If anyone interested there are a couple of Hegner fetsaws available on ebay. Just enter 'hegner' in the serch box


----------



## StevieB (14 Feb 2007)

Aye, there usually are. Typically they go for 200-250ish, possibly more depending on whether they have variable speed and are going to be posted (most are collection only so limit the target audience). There is also a DeWalt that keeps appearing advertised at 240v with a very high start price. I have seen it sold and advertised a couple of times - same picture each time. Not sure I believe that one :roll: 

With the price of the Axminster new being comparable to a second hand Hegner it is a close call, I would want to see the Hegner before paying out that amount of cash I think!

Steve.


----------



## Gill (14 Feb 2007)

Please tell us you have no association with said machines, Alan!

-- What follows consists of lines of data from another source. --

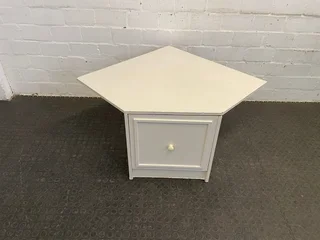 White 1 Door Corner Bedroom Cabinet - Price Drop- A45390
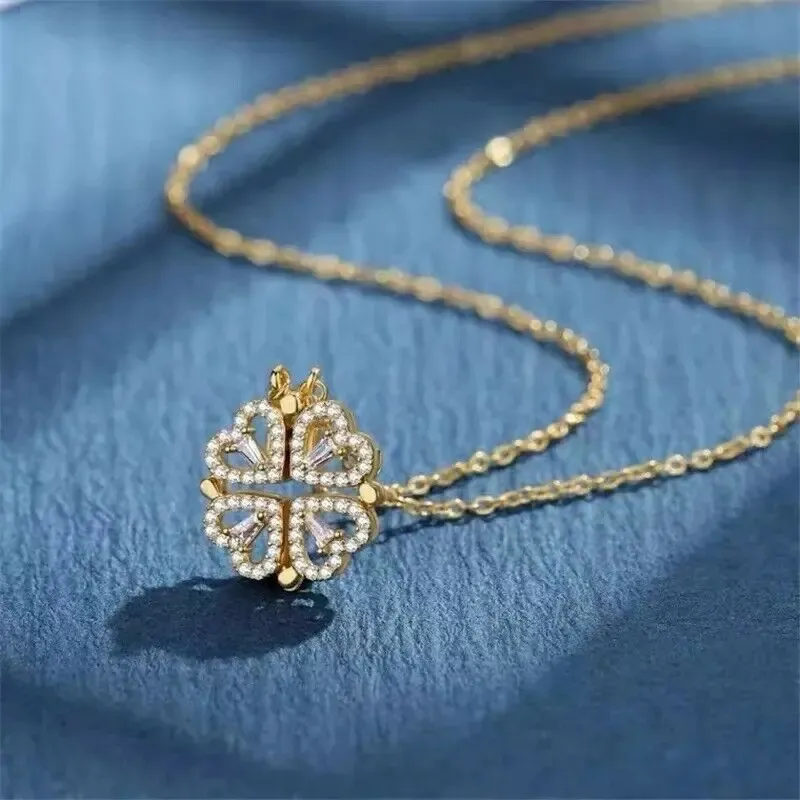 Collana con foglia portafortuna, donna, erba, magnete, attrae la luce, accessori di alta qualità, senso di un'altra catena per clavicola_voghion.com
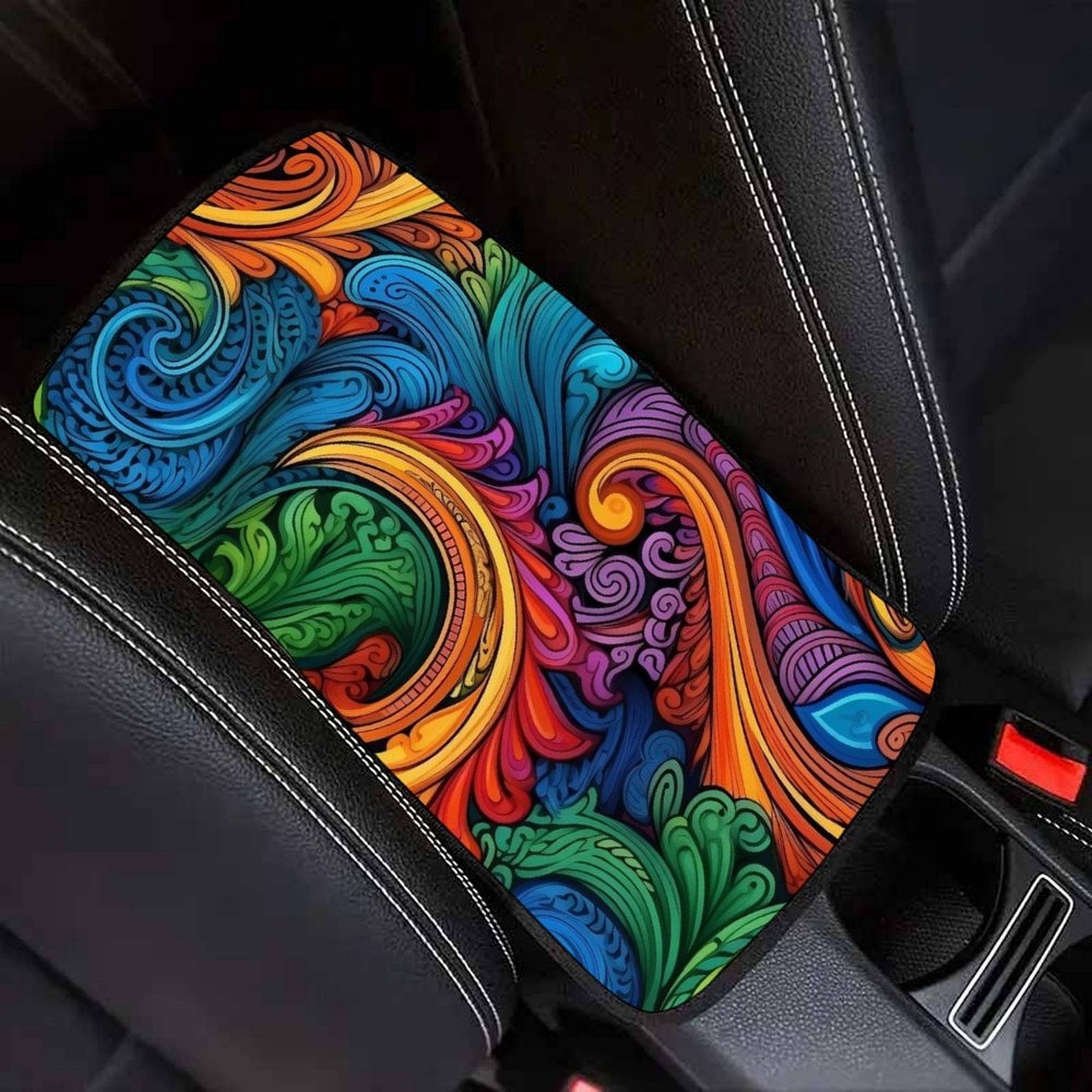 Vibrant Swirl Art Car Armrest Cushion – Colorful Console Pad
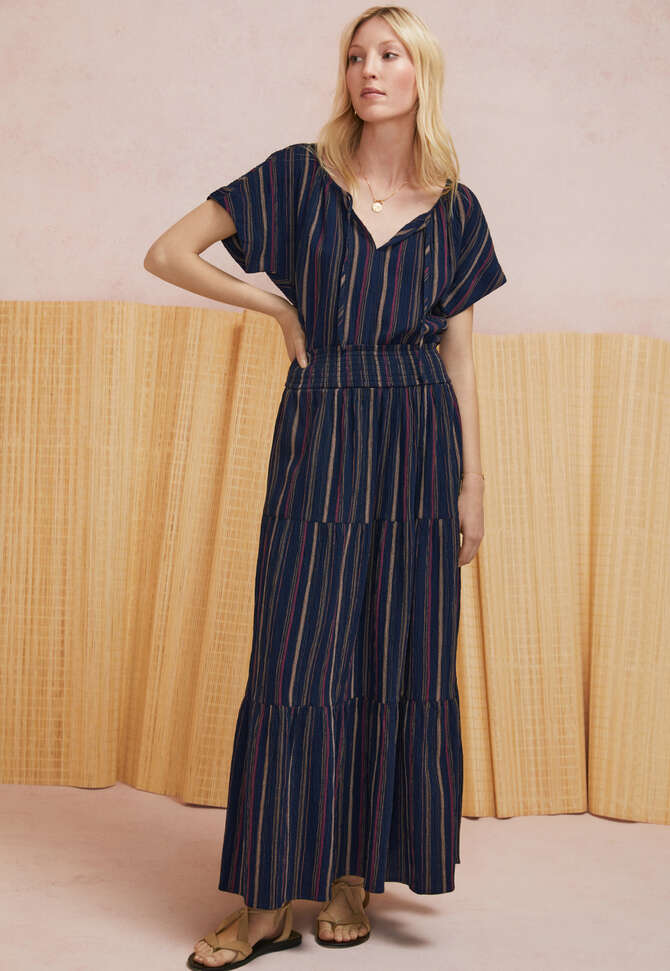 Striped maxi skirt, Midnight, completeTheLook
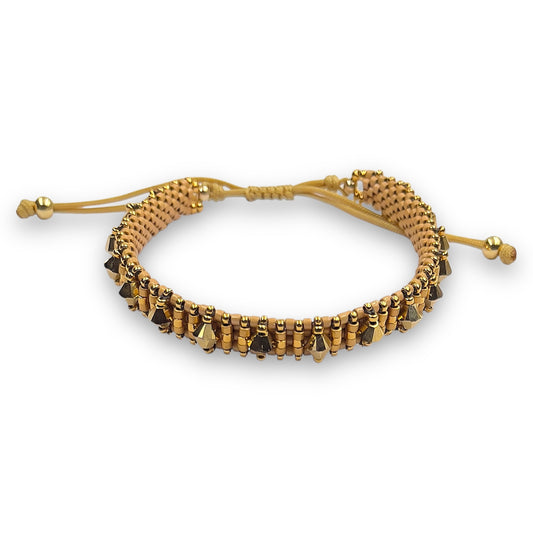 Pulsera Dorada con Swarovski, Miyuki y Plata con Baño de Oro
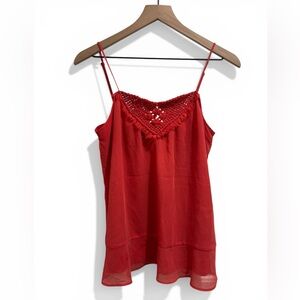 Banana Republic Pink Red Coral Macrame Embellished Cami Tank Top - Size Small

The forum rules (which are a sticky post on every board except this one - I wonder why?) state, 'Members may not promote their own sales that are on other sites such as eBay.' Some of the other moderators have been known to get their blunderbusses out over this issue  .

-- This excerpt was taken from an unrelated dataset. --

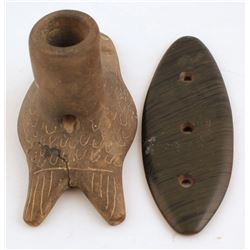 Clay Fish Pipe and Carved Adornment  (98010)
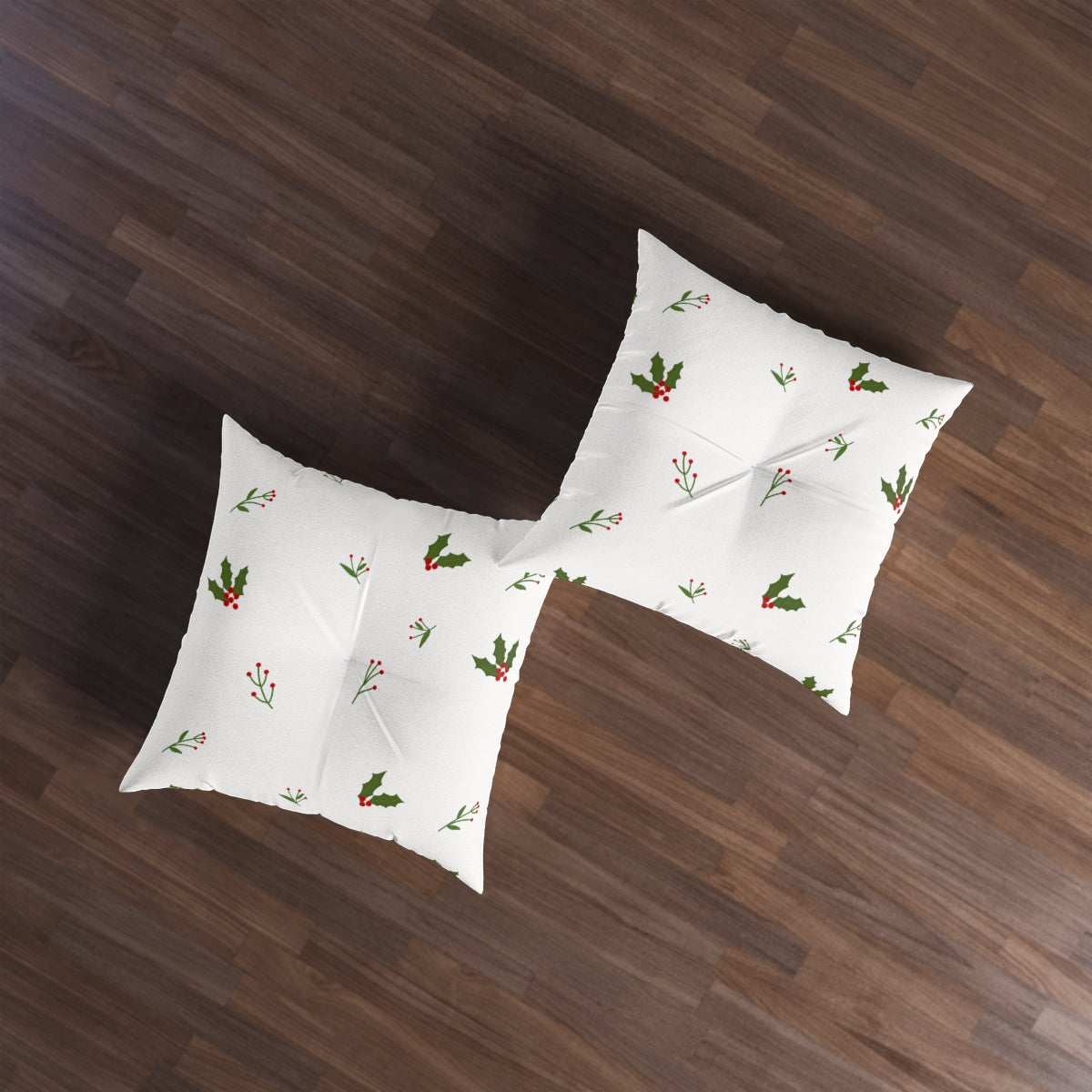 White Square Tufted Holiday Floor Pillow - Holly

Taking my 'official' hat off (I hate speaking through it  ), thanks for the pointer. You can often pick up scroll saws at real bargain prices on eBay, although I've also been disappointed with a purchase too.

If anyone's thinking of buying a SIP on eBay, take care. The later models are good value for scrollers on a budget but early models left much to be desired in terms of blade-changing and vibration. Sometimes it's difficult to distinguish between the earlier and later models from the vendor's description.

Gill


----------



## alanjm (15 Feb 2007)

My appologise Gill, though ignorance is no excuse, I'm quite new to this forum and to forums and computer literacy in general and being a chap didn't read the instructions properly. I have no connection with item on ebay. I was looking for the hegner site and entered hegner in search engine and the ebay came up and I got side tracked, as you do, and when I saw the items I vaguely remembered that someone on the forum had mentioned they were looking for a fretsaw: so my intentions were honourable and I promise I won't do it again, hopefully. 

Alanjm


----------



## Gill (15 Feb 2007)

Don't worry, Alan - apologies are definitely not necessary  .

I often wish the forum rules allowed me to draw the attention of other members to potential eBay bargains, but that would only distort the auction and benefit the vendor. In the past, we've had problems with people joining the forum just to promote their own eBay sales :roll: . I know you don't fall into that category of member, but since this is a new board on the forum I felt it was worthwhile making a general point about conduct.

To be honest, none of the machines currently on sale (including the Hegners) strike me as being particular bargains.

Gill


----------